# DATA RECORDS
·····

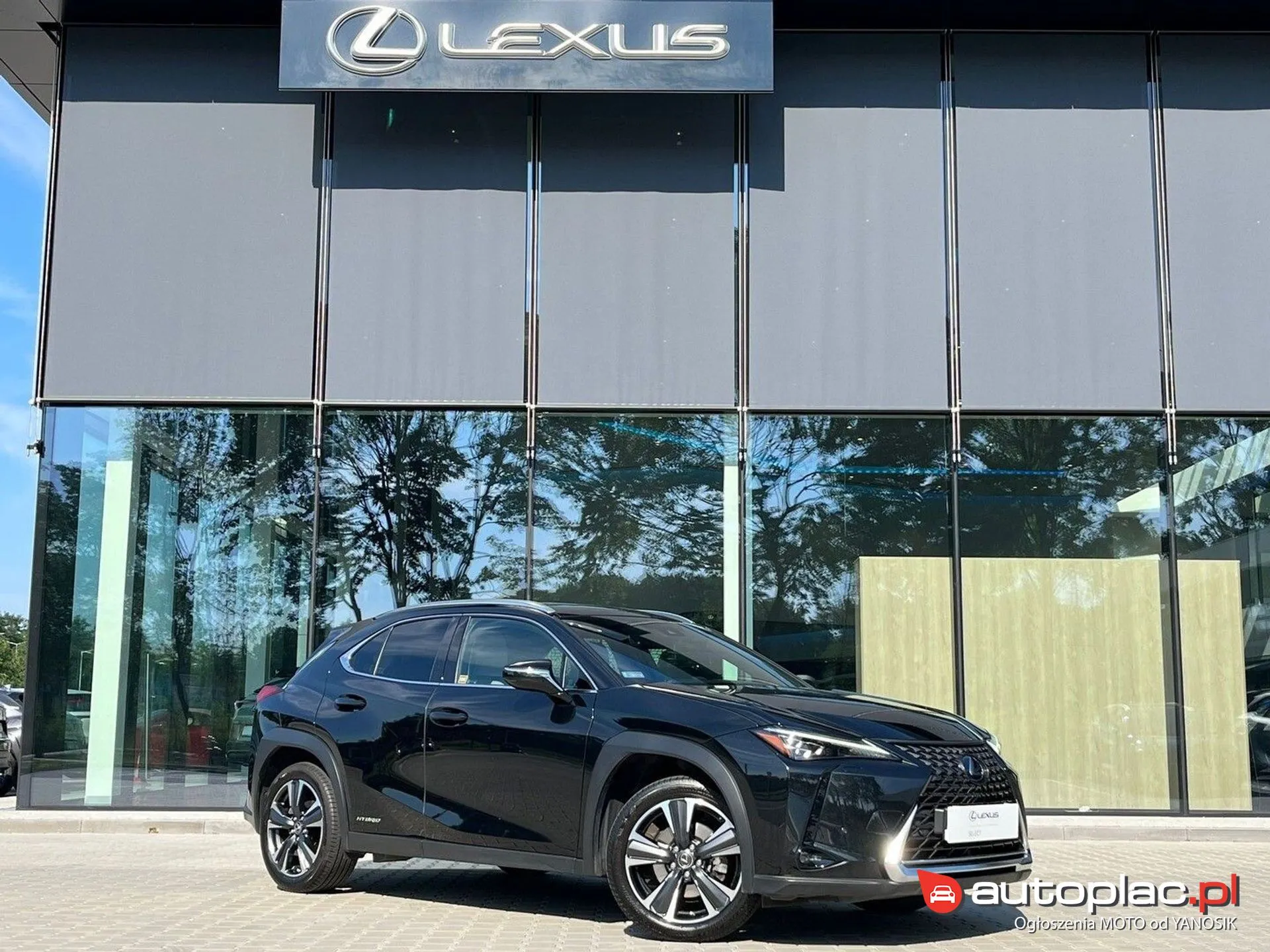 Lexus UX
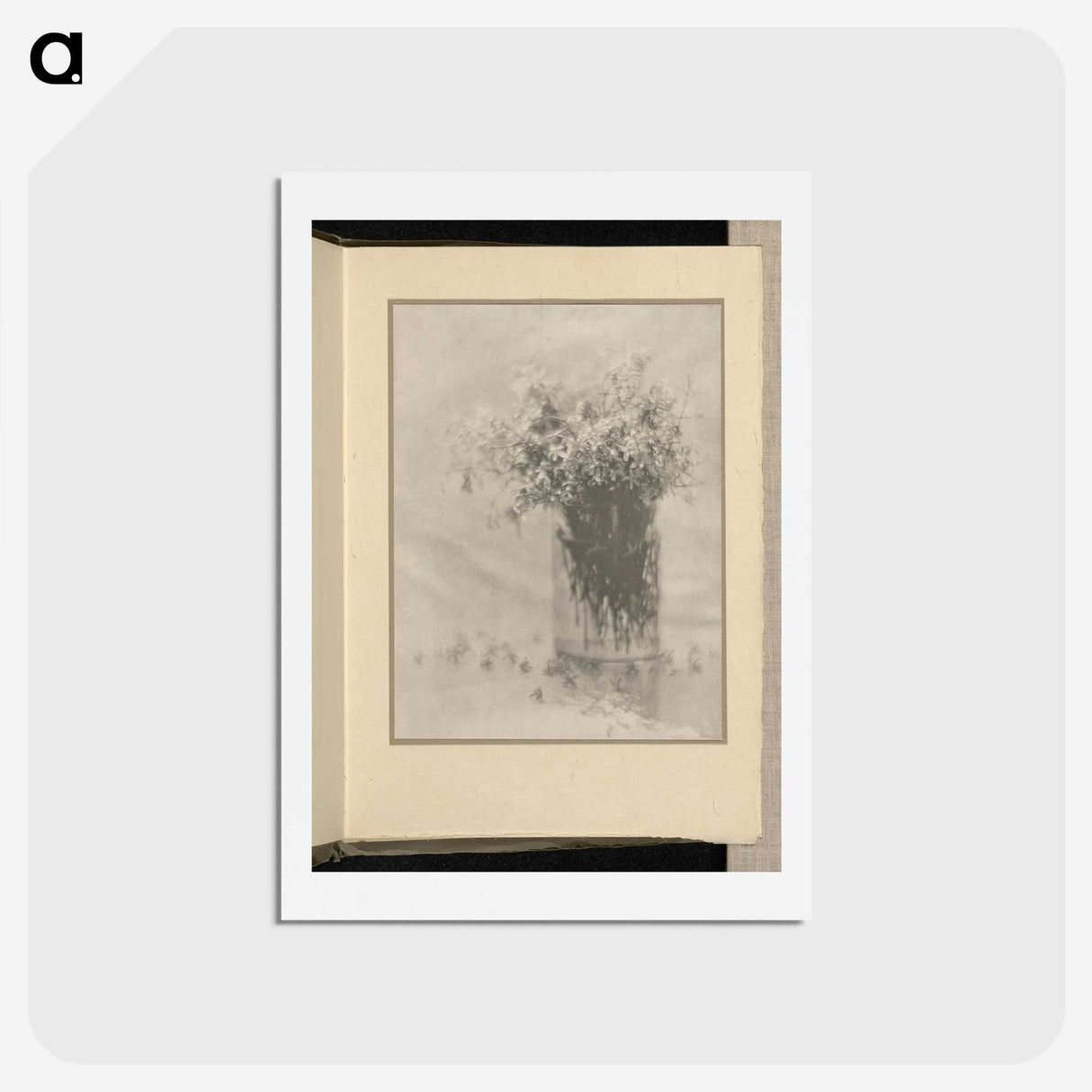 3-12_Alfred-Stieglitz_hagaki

·····

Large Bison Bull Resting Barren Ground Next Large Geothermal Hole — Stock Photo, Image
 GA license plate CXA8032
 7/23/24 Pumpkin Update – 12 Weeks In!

·····

# YOUR ASSIGNMENT
Your answer should consist solely of the lines above from the line with "GA license plate CXA8032" to the line with "7/23/24 Pumpkin Update – 12 Weeks In!", both included, reproduced exactly.

# ANSWER SECTION
 GA license plate CXA8032
 7/23/24 Pumpkin Update – 12 Weeks In!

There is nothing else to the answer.